■ Data shown:
━━━━
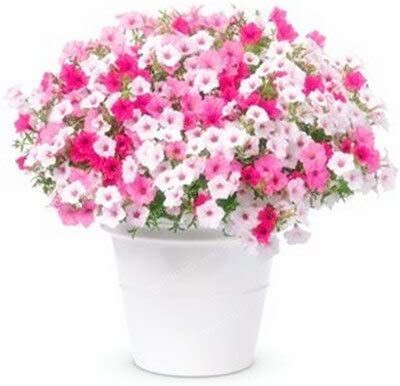 VibeX HUA-99 - Petunia Flower for Planting Mixed Colour - (540 Seeds) Seed(540 per packet)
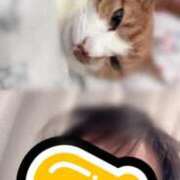 ヒメ日記 2026/04/11 22:22 投稿 すず 梅田アバンチュール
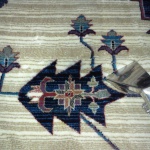 Rug Stain Removal
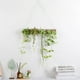 thumbnail image 2 of Plantas colgantes artificiales Yuarrent decoración verde, 2 of 6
━━━━
■ Try it: Setting the pictures aside, return exactly the lines from the line with "ヒメ日記 2026/04/11 22:22 投稿 すず 梅田アバンチュール" through the last line of the listing above.

■ Exercise result:
 ヒメ日記 2026/04/11 22:22 投稿 すず 梅田アバンチュール
 Rug Stain Removal
 thumbnail image 2 of Plantas colgantes artificiales Yuarrent decoración verde, 2 of 6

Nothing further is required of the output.